Modern gene therapy could serve as a corrective intervention to supplement or repair defective genes due to viral vector based delivery of DNA [1]. Among other viral based methods, the most promising approach for gene delivery relies on adeno-associated virus (AAV) vectors [2]. The manufacturing of recombinant therapeutic AAVs utilizes mammalian cell factories, such as HEK cell lines, which may exhibit notable variations in the efficiency of viral particle production [3], while the underlying processes remains poorly understood [4].

As demonstrated in other domains, such as biopharmaceutical antibody production [5], genome-scale studies incorporating reference genome sequences [6], transcriptome and proteome analysis [7], and exploration of epigenetic mechanisms have facilitated progress in identifying and overcoming limiting factors within these fundamental biological processes [8]. Thus, these strategies will be applied to generate a deeper understanding of cellular processes in the context of rAAV production.

The aim of this PhD thesis is to execute a systematical investigation on rAAV production cell lines derived from adherent HEK293 cells. A comprehensive analysis of the cellular response to various environmental pressures including viral particle production is utilized to identify restricting cellular limitations that contribute to bottlenecks in the production process of rAAVs. The characterization strategy on a genome scale includes investigation of the host cell genome sequences, DNA-methylation patterns, examination of histone modifications and transcriptomic analysis.

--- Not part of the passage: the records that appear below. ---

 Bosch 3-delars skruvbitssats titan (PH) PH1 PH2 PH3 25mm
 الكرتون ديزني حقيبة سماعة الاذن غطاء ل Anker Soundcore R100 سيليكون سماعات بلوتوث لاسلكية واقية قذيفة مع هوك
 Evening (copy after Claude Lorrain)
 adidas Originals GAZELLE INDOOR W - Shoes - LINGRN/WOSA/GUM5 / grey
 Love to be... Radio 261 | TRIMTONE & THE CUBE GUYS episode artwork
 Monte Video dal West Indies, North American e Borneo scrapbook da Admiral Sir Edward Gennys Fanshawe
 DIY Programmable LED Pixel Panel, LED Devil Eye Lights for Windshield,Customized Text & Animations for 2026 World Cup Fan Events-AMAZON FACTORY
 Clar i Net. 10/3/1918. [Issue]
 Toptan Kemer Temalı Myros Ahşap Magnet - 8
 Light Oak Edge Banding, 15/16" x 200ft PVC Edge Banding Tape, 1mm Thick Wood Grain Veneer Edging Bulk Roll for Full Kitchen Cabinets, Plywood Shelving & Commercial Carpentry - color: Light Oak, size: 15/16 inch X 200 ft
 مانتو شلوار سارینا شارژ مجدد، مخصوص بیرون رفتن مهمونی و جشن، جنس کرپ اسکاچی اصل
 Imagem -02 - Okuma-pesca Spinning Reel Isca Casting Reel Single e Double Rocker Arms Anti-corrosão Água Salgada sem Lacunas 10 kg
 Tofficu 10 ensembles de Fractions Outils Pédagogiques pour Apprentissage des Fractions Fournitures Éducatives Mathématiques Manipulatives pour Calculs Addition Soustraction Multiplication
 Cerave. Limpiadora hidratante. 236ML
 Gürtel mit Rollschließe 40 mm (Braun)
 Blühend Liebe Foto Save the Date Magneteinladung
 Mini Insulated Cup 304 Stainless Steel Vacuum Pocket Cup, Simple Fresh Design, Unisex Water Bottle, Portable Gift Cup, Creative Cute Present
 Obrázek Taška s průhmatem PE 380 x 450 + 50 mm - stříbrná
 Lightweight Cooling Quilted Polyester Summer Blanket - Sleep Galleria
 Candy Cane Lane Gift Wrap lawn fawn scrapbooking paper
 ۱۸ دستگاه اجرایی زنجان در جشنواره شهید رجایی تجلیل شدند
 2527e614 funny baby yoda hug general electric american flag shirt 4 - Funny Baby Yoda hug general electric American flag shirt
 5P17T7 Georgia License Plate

For industrial scale-up processes, the preferred conditions require cultivation of production cells in serum-free suspension cultures. To meet this demand, staring from the standard adherently growing HEK293 cell line, a direct adaptation strategy is used to facilitate the shift to serum-free suspension growth in various media compositions. In order to assess the impact of the adaptation process on the genome and epigenome, whole-genome sequencing and methylome sequencing of both the original adherent cell line and the resulting adapted cell lines will be employed. Comparative analysis of these data aims to reveal distinctions between different culture conditions and identify changes arising from the adaptation process.

To address the impact of the cellular response to rAAV production, diverse production scenarios involving various AAV serotypes and different transgene variants will be executed and assessed. Transcriptomic analysis will be utilized to detect changes in transcription patterns, while chromatin immunoprecipitation analysis will be performed to investigate the influence on histone modifications, representing a significant mechanism in epigenetic transcription regulation. Thus, the outcomes of this systematic exploration might pave the way for targeted cell line- and process optimization for efficient production of rAAVs with constantly high yield and quality.